The final product form can be emulsion, coarse or fine ground, whole muscle, section and formed, chunked, restructured, semi-dry or dried.

All of the steps involved in product formulation can impact the final product’s texture — hard or soft — and its ability to be sliced due to product cohesion, notes Osburn.

“Formulation is very important to achieving the firmness and adhesion that is needed for high-speed slicing,” notes Lynn Knipe, Ph.D., extension processed meats specialist, The Ohio State University, based in Columbus, Ohio.

According to Osburn, “in addition to the factors cited above, in high-speed slicing operations product temperature, blade sharpness, blade type — circular or sickle — and blade diameter are critical parameters to ensure that the product is sliced accurately with minimum waste.”

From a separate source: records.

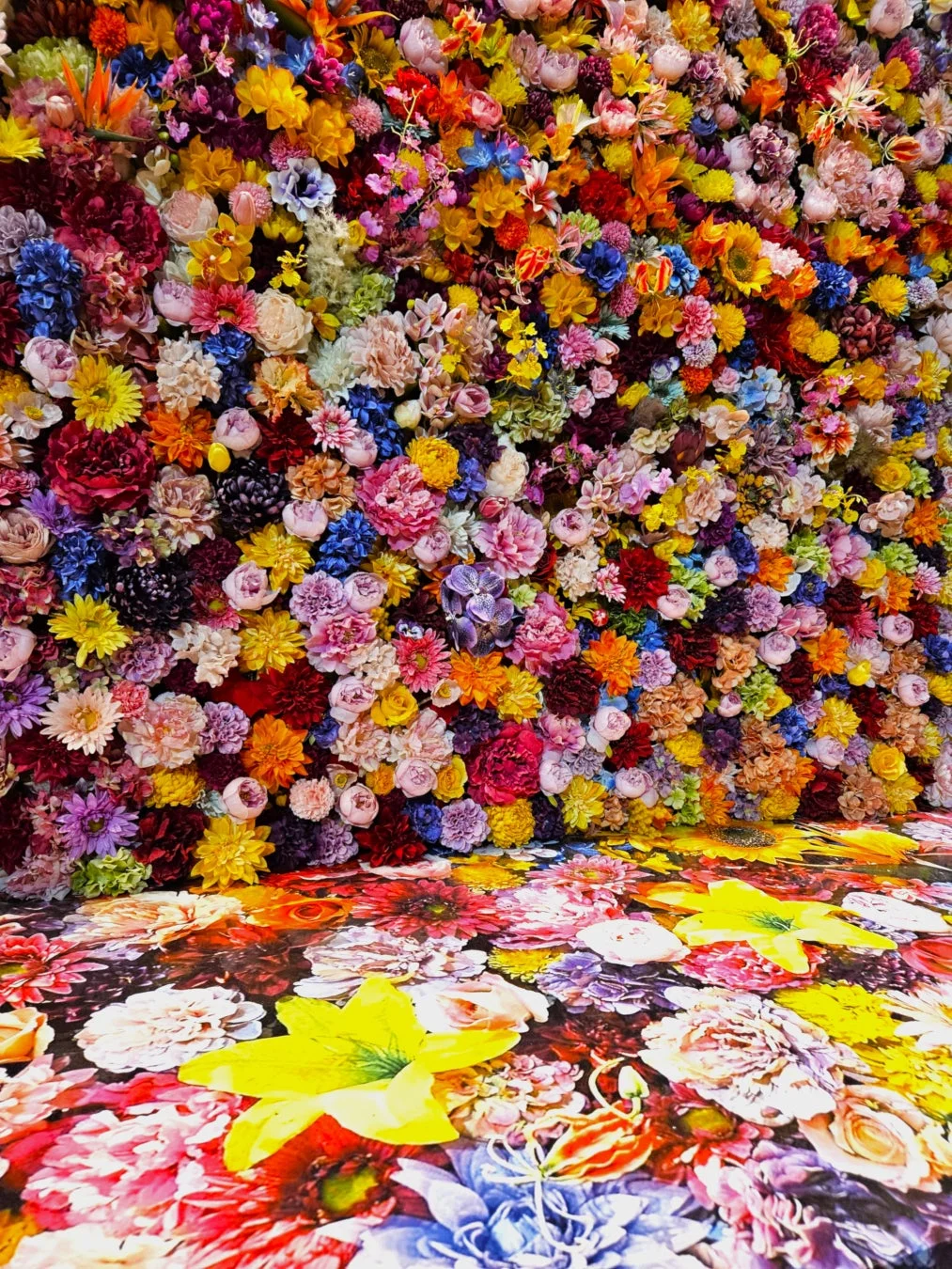 壁一面から床まで、多種多様な色鮮やかな花々で埋め尽くされた空間。まるで花畑の中にいるような、華やかで没入感のある装飾が特徴です。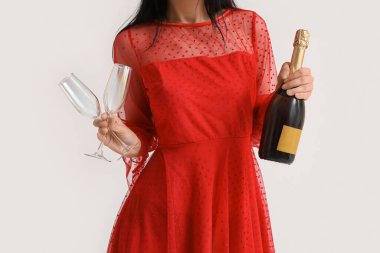 Beyaz arka planda bardakları ve bir şişe şampanyası olan güzel genç bayan, yakın plan.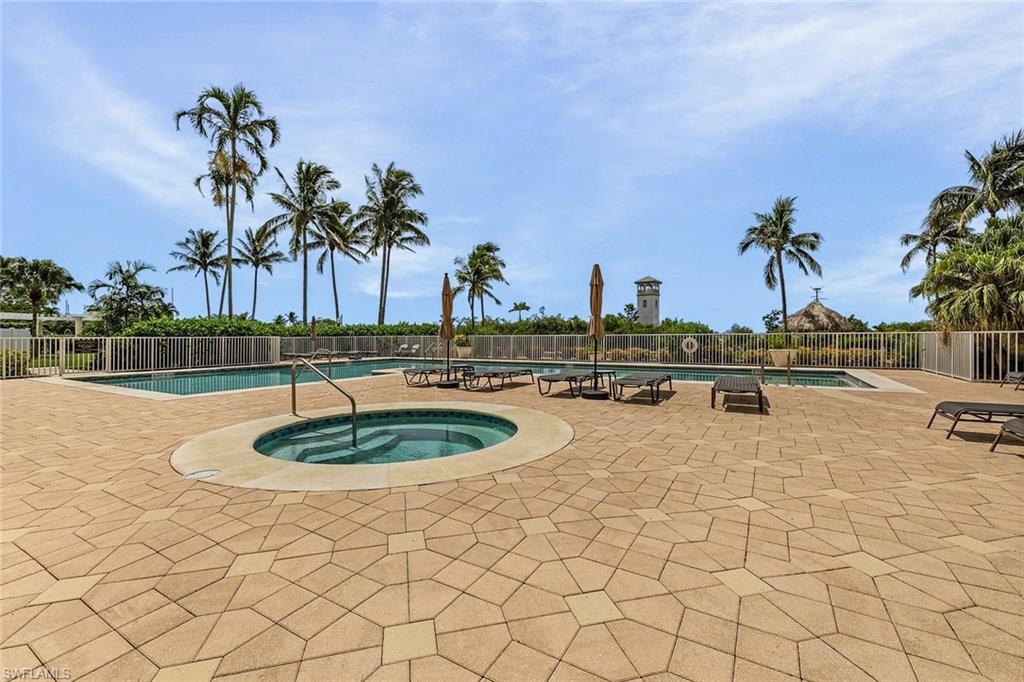 Community pool with a hot tub and a patio area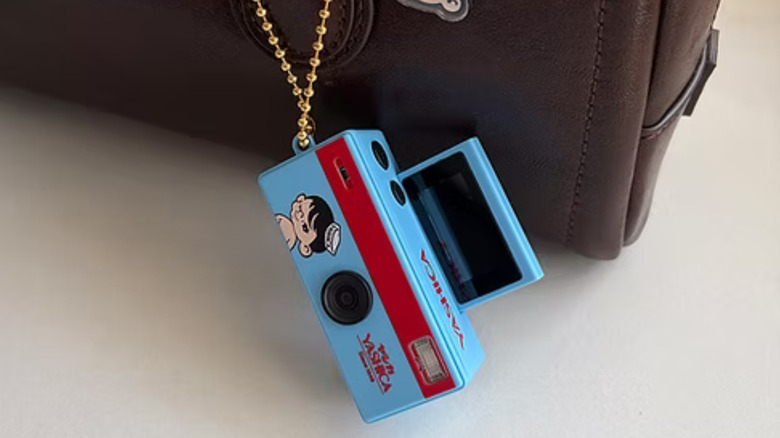 A Yashica Funtastic Keychain Camera attached to a leather bag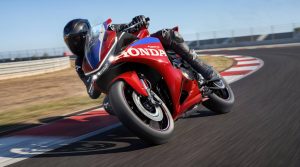 Honda CBR500R FOUR 2027 in Ignition Red Tricolour in Schräglage auf der Rennstrecke über den Curb
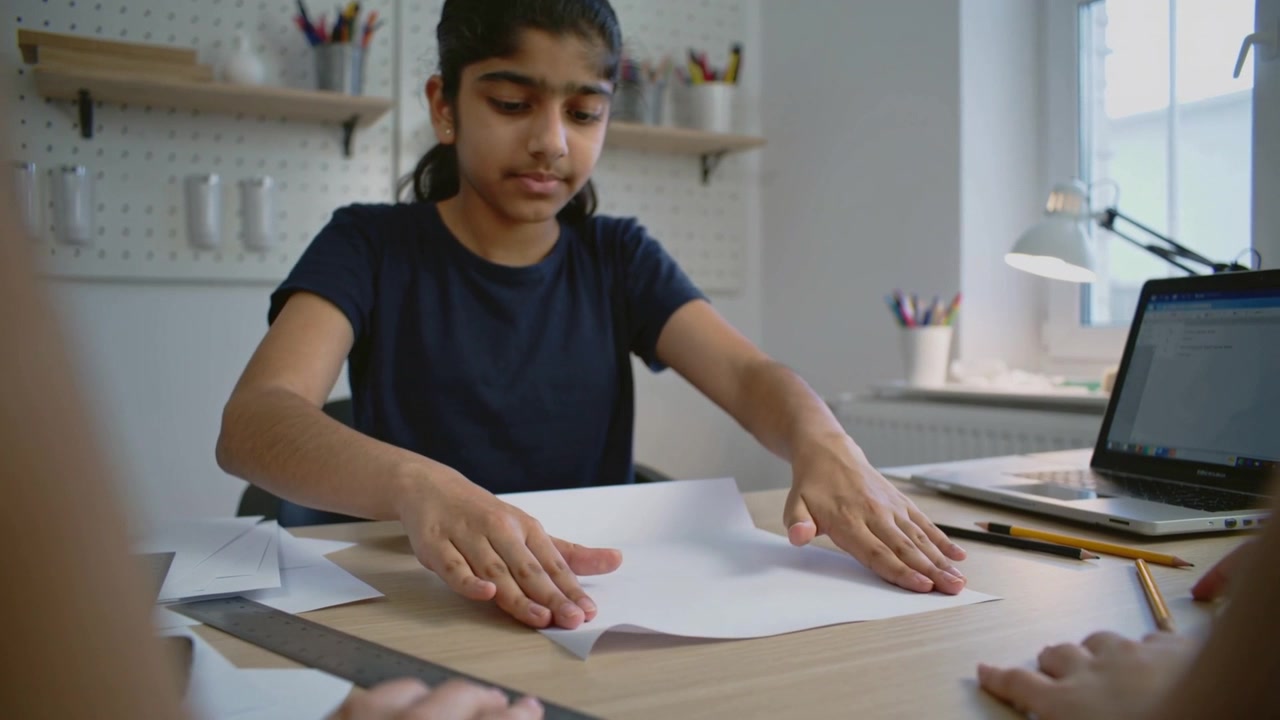 Smoothing teen navy tee aligning folding paper at home desk, second hands entering to help craft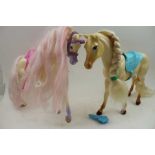 A large collection of dolls clothes, a Baywatch model jet ski, two model play horses
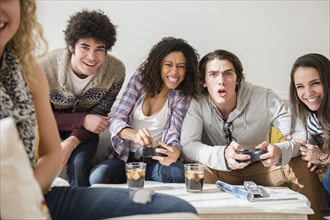 Friends playing video games in living room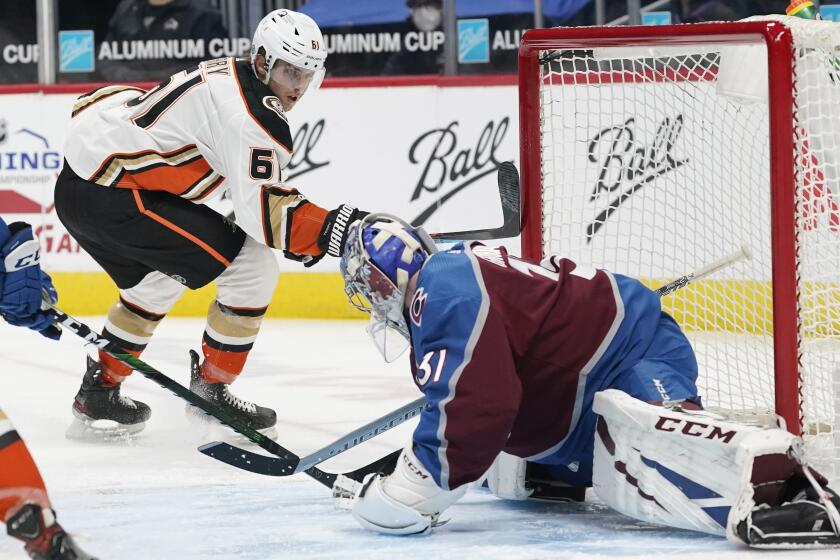 Anaheim Ducks center Troy Terry, left, scores a goal on a snipe past Colorado Avalanche goaltender Philipp Grubauer in the third period of an NHL hockey game Monday, March 29, 2021, in Denver. (AP Photo/David Zalubowski)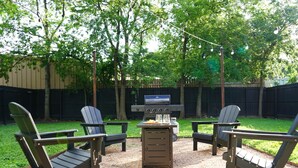 Patio trasero con una parrilla, cuatro sillas tipo Adirondack y una mesa con comida y bebidas.
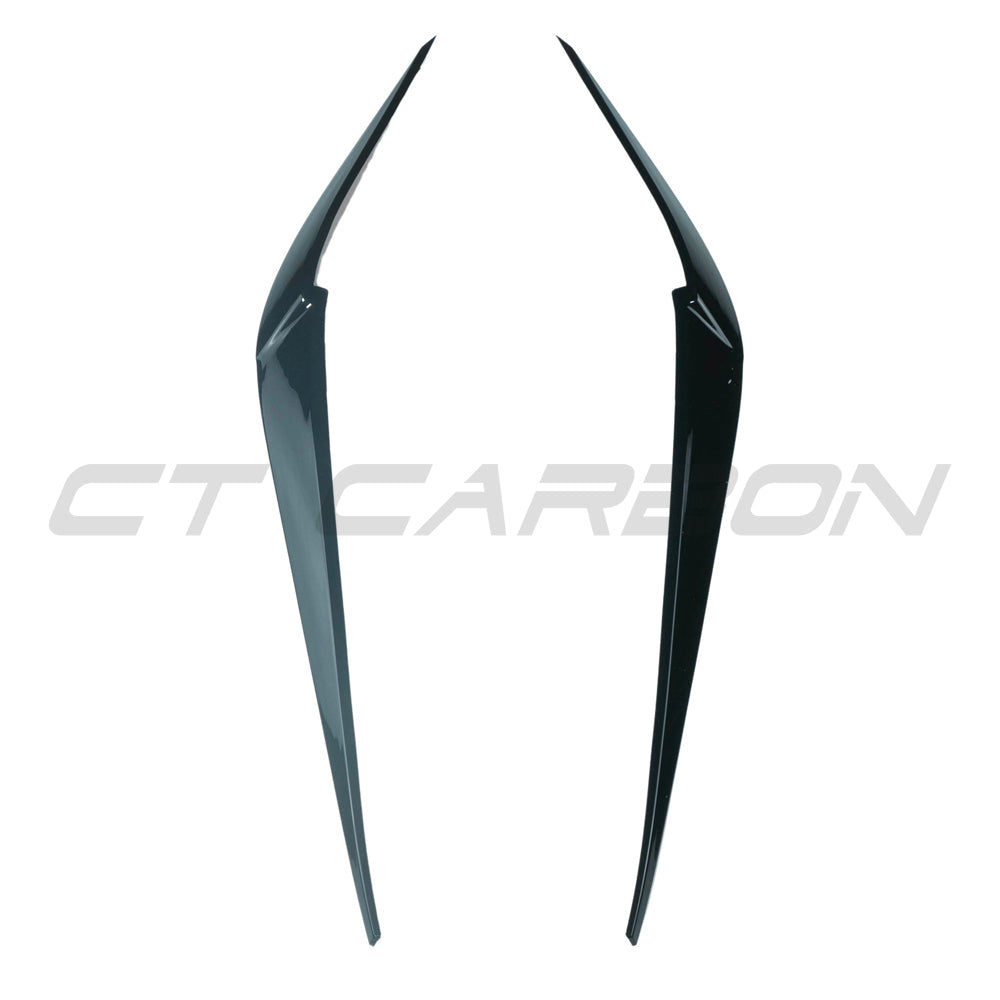 BMW G01 G02 F97 F98 X3 X4 X3M X4M gloss black headlight eyebrows accessory by CT Carbon, close-up of sleek black headlight accents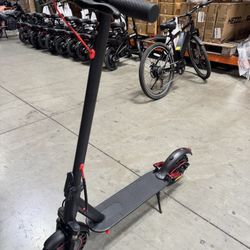 Front and rear shock-absorbing electric scooters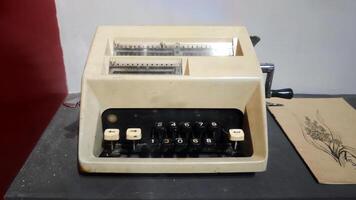 Retro Classic Vintage Mechanical Adding Machine on Display with Numeric Keys and Manual Crank in Historical Setting photo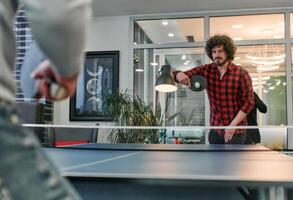 Business colleagues take a break from work to enjoy a game of table tennis, fostering teamwork and camaraderie in the workplace photo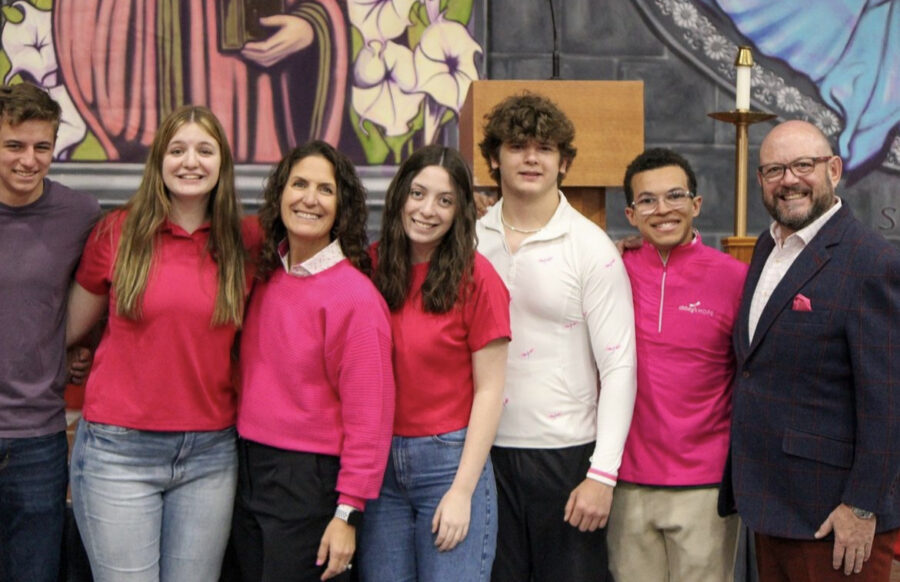 The Taylor family and friends wear pink to support the Abbeys Hope foundation during the Easter Mass Common Basket.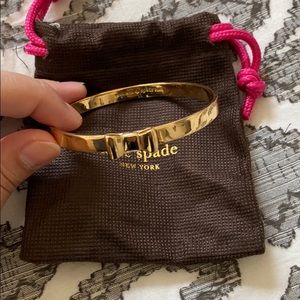 Kate Spade Take a Bow gold bangle bracelet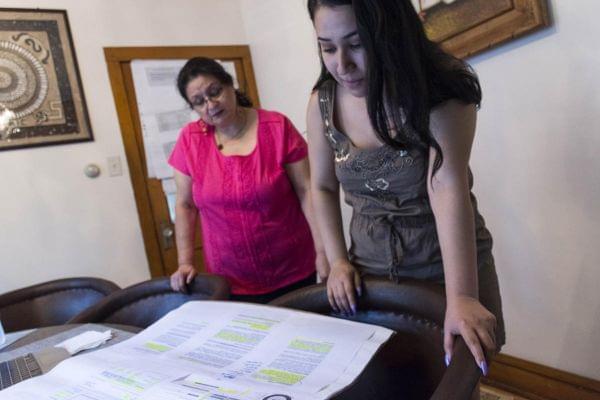 Delia Barajas and Elizabeth Morales, members of the community group Ixchel, review materials they’ve used to educate Cicero and Berwyn residents about school discipline and racial disparities.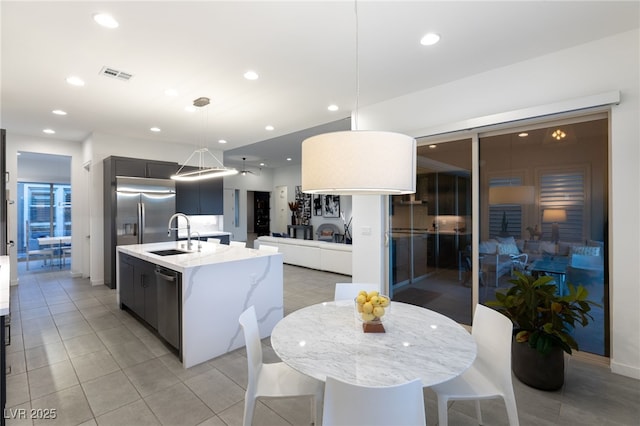 kitchen featuring decorative light fixtures, sink, light tile patterned floors, stainless steel appliances, and a center island with sink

Modern slicing machines have controls that can adjust the rate of product being fed into the slicer to ensure that slice thickness and/or final sliced product weight specifications are met.

“For irregularly shaped products — particularly fresh or marinated subprimals — the use of lasers to generate an optimal product cutting diagram to hit target portion-control weights with minimal waste is also in use by the industry,” he says.

Manufacturers are also improving their ability to vacuumize meat blends during stuffing, notes Knipe, “which results in improved slicing of products due to the removal of air within the product.”

It’s not just luncheon-meat processors that are trying to optimize the stability of their product. Most sausage manufacturers are also looking for new ways to stabilize their product and the bind of sectioned and formed products so they hold up during high-speed slicing, while maintaining or reducing product costs, says Knipe.

For some companies, this would involve the use of additional non-meat ingredients, but none that haven’t been in use for a while, he says. 

“Producing a consistent, high-quality product is typically a function of product characteristics, particularly at high speeds,” says Knipe. “These characteristics include product temperature or firmness, and how well sectioned and formed pieces adhere together, among other factors.”